Clearly communicate the pricing structure to avoid customer confusion.
Analyze customer behavior to optimize the balance between pricing components.
Best for:
Complex AI platforms with multiple use cases
Enterprise AI solutions with varied deployment options
AI products that serve both small businesses and large enterprises
Any AI tool where a single pricing model doesn't capture full value
Example: An AI-powered customer service platform might charge a base subscription fee per agent, plus usage fees for automation features, and outcome-based fees for measurable improvements in customer satisfaction.
7. One-Time Purchase with Ongoing API Access
What it is: Customers make a one-time purchase for the AI software, but ongoing API access or model updates require a subscription.
Perfect for classic data subscription use cases. If data is constantly getting updated or there is need to maintain the infrastructure on customer side, you may need to consider ongoing access pricing model.
This may also scale without initial setup fees if customer is using only the API to train AI models hosted in house. Also unlocks for industries in highly regulated space who can not afford to let their data leave outside their org.
How to implement:
Set a one-time purchase price that covers initial development costs.
Determine subscription fees for ongoing API access or updates.
Implement a licensing system for the initial purchase.
Set up a separate system for managing API access and subscriptions.
Consider offering different tiers of API access or update frequency.
Best for:
AI-powered software tools that can function offline but benefit from online updates
AI models that can be deployed on-premises but require regular refinement
Products where customers value owning the software but also need ongoing improvements
Example: An AI-powered video editing software might be purchased outright, with a subscription required for access to cloud-based features and model updates.
Pricing as a strategic advantage in the AI era
As we've explored, pricing generative AI is not just about setting a number—it's about creating a strategic framework that drives adoption, aligns with value creation, and maximizes long-term revenue.
Let's recap the key strategies we've discussed:
Price the future, not the features: Sell the transformative power of your AI.
Use problem-solved pricing to align with customer value perception.
Consider pricing for ubiquity to drive network effects and data accumulation.

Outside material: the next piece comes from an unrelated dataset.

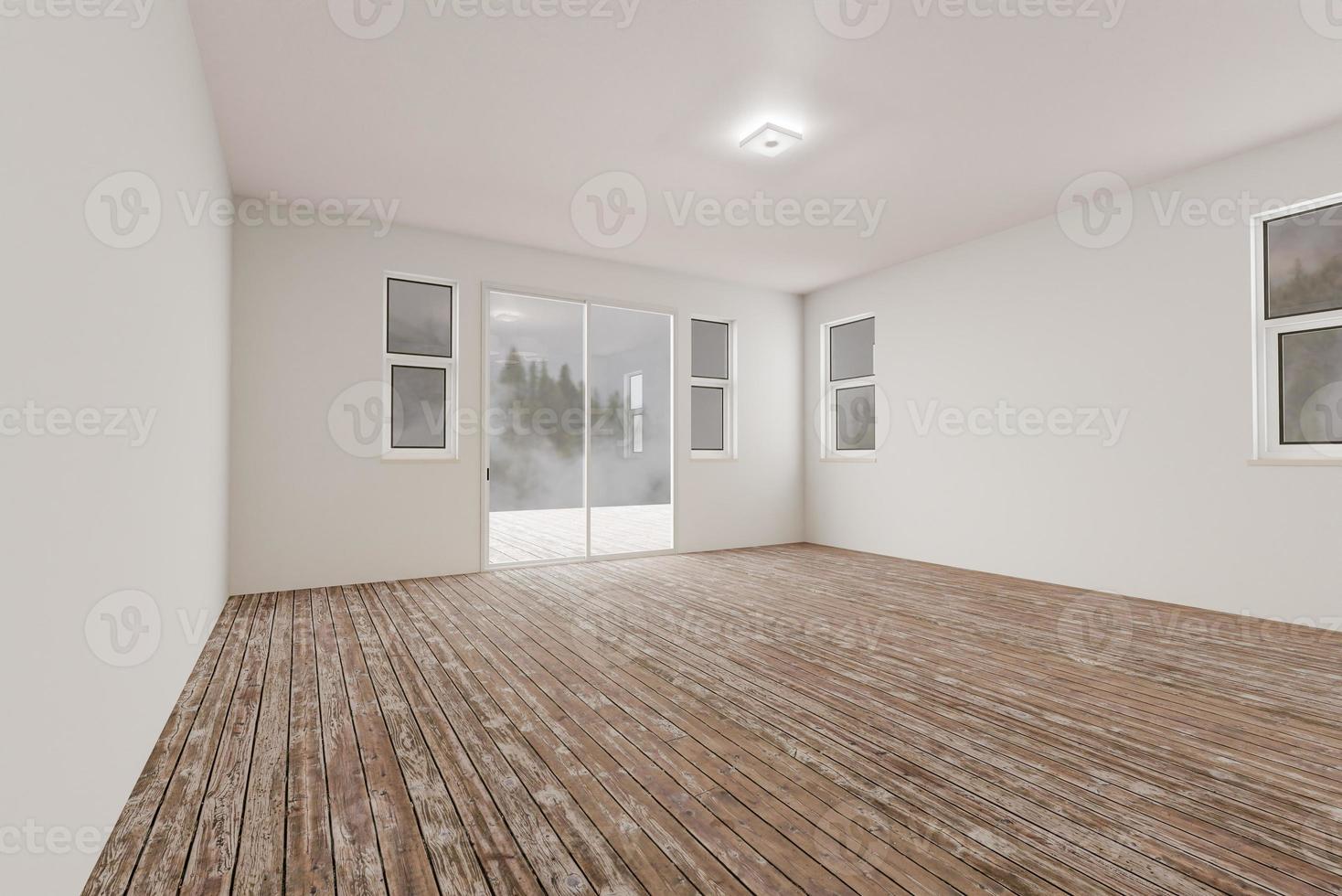 Raw Unfinished Room of House with Blank White Walls and Worn Wood Floors. photo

Implement outcome-based pricing to turn uncertainty into a competitive advantage.
Adopt hybrid pricing to capture value at every stage of the customer journey.
Each of these strategies challenges conventional thinking about technology pricing.

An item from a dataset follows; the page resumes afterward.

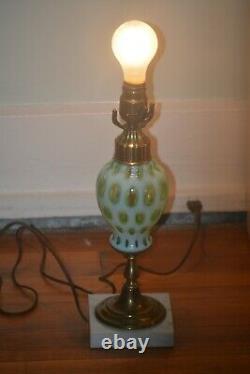 Fenton Lime Green Opalescent Coin Dot Lamp Working Condition 1950s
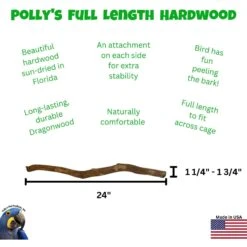 Polly's Pet Products Hardwood Bird Perch -Sunny Decor Shop 285420 PT2. AC SS1800 V1686942132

But the AI market is anything but conventional.
By thinking creatively about pricing, you can turn it into a powerful competitive advantage.
Remember, in the AI gold rush, it's not just about having the best technology.
It's about having the best business model.
And at the heart of every great business model is a pricing strategy that aligns company success with customer success.
As you implement these strategies, keep in mind that pricing is not a one-time decision.
It's an ongoing process of experimentation, measurement, and refinement.
Continuously gather data on how customers are using your AI and the value they're deriving from it.
Use this data to refine your pricing strategy, always aiming to better align your pricing with the value you create.
In the end, the winners in the AI market won't just be those with the best algorithms.
They'll be the ones who figure out how to price the future—your future.